Verdades, mentiras e a eterna pergunta
Afinal se a palavra não vale mais nada por que continuamos escrevendo?
Semanas atrás aceitei um convite para um encontro com escritores. Sou péssima para controlar a minha própria agenda, e mesmo seguindo o método de abrir o google calendar e imediatamente salvar qualquer coisa que eu marquei - dentistas, compromissos familiares, eventos escolares da minha filha, até minhas sessões de análise - às vezes passa alguma coisa. Foi o caso desse encontro que eu queria muito ir, mas simplesmente ele não estava lá, no tal calendário. Como prova da minha culpa, respondi ao convite de maneira entusiasmada em diversos meios digitais.
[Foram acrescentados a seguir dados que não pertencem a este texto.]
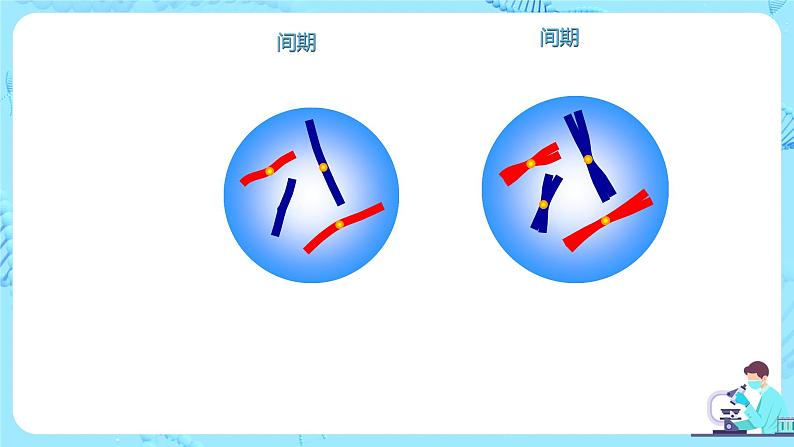 2.1《减数分裂和受精作用》课件（送教案+练习）08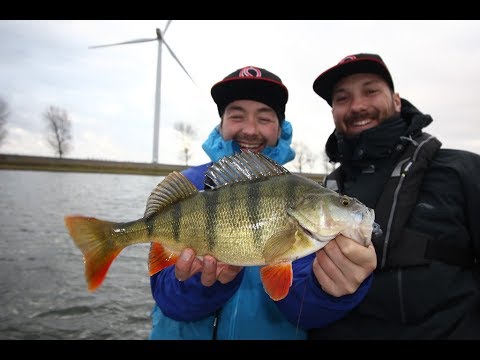 Monsterbarsche - so klappt's - Perch Madness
Fato é que no domingo lembrei (ou descobri) que atravessaria a cidade em plena segunda-feira de manhã para estar na companhia de outros autores, os ouvindo, trocando. Se não fosse isso, talvez não fosse. E foi uma ótima decisão. Tem poucas coisas mais tranquilizadoras para uma autora do que ouvir Cida Bento e Sidharta Ribeiro falando que são desorganizados, que a rotina de escrita é uma bagunça por um motivo simples: a vida se infiltra na escrita. O filho, o neto, o interfone, os trabalhos que pagam as contas. Ufa, não sou só eu tentando cumprir a tarefa impossível de criar entre uma limpeza de tártaro e a organização da festa de aniversário da minha filha.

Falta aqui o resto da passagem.